Task to complete. Up to and including the line that contains "Chevrolet Silverado 1500", repeat each line of the data exactly, starting from the first.

Records to process.
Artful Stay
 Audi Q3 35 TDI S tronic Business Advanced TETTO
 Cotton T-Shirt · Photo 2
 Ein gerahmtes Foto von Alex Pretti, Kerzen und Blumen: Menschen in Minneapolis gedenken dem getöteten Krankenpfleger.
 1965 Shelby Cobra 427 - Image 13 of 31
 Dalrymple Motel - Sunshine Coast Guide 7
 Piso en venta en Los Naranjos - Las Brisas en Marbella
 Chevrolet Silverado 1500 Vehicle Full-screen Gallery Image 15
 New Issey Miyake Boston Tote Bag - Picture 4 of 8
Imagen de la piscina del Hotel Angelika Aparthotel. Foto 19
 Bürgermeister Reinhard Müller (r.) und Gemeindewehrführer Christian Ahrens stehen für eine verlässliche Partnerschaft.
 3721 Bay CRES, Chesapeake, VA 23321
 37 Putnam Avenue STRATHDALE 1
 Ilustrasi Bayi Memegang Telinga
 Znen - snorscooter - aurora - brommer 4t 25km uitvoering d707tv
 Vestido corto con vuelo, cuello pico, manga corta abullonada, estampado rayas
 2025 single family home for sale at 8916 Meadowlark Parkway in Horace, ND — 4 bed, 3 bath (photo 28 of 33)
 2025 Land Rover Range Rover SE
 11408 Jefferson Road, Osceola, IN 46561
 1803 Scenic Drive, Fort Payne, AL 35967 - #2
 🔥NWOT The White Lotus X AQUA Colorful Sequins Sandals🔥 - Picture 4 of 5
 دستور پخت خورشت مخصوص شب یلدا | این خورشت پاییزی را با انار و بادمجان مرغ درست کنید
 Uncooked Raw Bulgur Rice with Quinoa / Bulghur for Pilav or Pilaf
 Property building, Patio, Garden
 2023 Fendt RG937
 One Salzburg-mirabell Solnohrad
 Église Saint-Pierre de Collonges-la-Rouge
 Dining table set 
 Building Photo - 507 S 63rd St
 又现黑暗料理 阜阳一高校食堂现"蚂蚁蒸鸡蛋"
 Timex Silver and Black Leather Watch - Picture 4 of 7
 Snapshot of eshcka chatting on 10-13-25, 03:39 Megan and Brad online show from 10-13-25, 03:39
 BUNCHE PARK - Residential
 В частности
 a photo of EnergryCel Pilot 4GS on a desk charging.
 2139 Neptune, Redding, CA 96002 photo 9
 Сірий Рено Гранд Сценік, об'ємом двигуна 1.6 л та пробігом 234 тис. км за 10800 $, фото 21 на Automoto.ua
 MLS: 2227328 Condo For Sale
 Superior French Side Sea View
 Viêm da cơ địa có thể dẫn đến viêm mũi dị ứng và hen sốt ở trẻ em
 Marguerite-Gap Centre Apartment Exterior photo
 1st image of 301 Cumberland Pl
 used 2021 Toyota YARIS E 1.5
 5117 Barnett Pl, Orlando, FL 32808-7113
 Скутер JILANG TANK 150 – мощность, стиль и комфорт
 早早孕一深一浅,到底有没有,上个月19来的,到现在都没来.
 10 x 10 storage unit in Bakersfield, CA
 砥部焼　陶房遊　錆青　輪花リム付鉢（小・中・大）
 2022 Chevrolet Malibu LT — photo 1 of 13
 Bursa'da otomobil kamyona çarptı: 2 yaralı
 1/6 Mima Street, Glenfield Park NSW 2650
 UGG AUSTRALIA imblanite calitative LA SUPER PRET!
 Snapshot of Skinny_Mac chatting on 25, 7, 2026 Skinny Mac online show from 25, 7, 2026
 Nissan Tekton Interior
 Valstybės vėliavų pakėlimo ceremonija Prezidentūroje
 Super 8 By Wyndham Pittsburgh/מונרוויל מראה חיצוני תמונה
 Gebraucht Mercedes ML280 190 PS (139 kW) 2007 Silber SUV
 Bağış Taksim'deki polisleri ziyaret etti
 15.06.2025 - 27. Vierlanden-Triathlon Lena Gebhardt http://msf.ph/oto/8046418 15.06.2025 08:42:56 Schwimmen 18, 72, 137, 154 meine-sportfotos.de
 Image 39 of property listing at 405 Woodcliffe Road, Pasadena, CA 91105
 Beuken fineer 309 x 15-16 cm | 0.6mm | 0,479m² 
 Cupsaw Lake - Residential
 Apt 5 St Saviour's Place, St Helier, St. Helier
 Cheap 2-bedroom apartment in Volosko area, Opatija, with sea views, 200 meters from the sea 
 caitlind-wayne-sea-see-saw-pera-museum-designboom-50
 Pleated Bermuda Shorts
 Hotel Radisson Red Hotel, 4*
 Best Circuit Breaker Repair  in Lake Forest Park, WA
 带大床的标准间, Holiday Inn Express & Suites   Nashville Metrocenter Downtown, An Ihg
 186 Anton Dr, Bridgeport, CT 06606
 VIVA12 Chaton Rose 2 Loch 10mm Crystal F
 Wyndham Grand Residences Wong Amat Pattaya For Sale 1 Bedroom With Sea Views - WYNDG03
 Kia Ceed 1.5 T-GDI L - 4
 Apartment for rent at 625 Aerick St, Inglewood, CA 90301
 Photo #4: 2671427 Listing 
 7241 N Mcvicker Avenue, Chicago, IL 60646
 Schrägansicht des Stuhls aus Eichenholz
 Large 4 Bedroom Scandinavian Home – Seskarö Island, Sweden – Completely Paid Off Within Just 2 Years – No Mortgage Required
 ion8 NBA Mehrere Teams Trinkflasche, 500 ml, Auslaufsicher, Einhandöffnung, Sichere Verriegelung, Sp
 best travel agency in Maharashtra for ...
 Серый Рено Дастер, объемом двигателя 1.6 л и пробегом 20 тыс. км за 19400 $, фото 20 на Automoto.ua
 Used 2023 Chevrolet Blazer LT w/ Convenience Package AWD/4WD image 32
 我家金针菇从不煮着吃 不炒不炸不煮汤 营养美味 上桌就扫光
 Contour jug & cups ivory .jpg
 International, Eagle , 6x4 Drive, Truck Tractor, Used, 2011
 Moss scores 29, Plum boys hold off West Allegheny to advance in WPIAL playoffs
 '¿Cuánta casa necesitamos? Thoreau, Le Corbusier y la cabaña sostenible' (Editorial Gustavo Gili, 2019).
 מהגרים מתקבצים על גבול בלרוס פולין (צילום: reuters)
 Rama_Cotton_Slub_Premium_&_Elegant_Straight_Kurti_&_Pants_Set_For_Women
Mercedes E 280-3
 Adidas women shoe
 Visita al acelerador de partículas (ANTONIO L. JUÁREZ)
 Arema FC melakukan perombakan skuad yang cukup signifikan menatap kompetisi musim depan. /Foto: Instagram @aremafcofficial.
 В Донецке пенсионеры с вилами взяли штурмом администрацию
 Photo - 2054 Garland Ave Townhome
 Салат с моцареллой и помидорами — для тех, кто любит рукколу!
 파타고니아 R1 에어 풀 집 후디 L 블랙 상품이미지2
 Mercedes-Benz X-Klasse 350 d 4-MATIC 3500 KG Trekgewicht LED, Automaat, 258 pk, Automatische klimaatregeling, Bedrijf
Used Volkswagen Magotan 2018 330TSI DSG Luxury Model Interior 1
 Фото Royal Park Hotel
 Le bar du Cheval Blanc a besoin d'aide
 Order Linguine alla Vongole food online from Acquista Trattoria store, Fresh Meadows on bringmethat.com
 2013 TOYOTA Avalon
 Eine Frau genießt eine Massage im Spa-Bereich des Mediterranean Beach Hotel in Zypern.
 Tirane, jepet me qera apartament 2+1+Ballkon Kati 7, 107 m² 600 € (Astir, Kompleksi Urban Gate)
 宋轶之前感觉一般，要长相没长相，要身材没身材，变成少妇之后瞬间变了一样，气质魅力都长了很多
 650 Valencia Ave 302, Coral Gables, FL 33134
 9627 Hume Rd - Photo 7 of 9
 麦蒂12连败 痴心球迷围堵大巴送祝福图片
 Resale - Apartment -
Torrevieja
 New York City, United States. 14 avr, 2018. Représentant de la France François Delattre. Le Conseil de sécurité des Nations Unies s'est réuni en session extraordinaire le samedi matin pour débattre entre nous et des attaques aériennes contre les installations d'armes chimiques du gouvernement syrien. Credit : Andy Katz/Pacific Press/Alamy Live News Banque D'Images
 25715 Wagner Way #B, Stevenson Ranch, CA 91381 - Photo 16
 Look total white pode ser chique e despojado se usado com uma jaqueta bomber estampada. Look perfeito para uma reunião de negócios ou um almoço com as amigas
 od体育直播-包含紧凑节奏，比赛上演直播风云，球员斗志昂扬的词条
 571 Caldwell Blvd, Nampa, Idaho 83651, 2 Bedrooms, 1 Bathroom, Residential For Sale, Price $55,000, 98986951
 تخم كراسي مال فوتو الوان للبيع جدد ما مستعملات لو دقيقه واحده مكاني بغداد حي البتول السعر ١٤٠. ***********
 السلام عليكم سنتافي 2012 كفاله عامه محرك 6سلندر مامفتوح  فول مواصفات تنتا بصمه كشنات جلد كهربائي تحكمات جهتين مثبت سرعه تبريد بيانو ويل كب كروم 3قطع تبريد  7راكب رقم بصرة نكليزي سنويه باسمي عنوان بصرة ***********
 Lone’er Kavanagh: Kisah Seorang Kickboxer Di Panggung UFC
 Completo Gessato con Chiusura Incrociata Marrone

Answer space.
Artful Stay
 Audi Q3 35 TDI S tronic Business Advanced TETTO
 Cotton T-Shirt · Photo 2
 Ein gerahmtes Foto von Alex Pretti, Kerzen und Blumen: Menschen in Minneapolis gedenken dem getöteten Krankenpfleger.
 1965 Shelby Cobra 427 - Image 13 of 31
 Dalrymple Motel - Sunshine Coast Guide 7
 Piso en venta en Los Naranjos - Las Brisas en Marbella
 Chevrolet Silverado 1500 Vehicle Full-screen Gallery Image 15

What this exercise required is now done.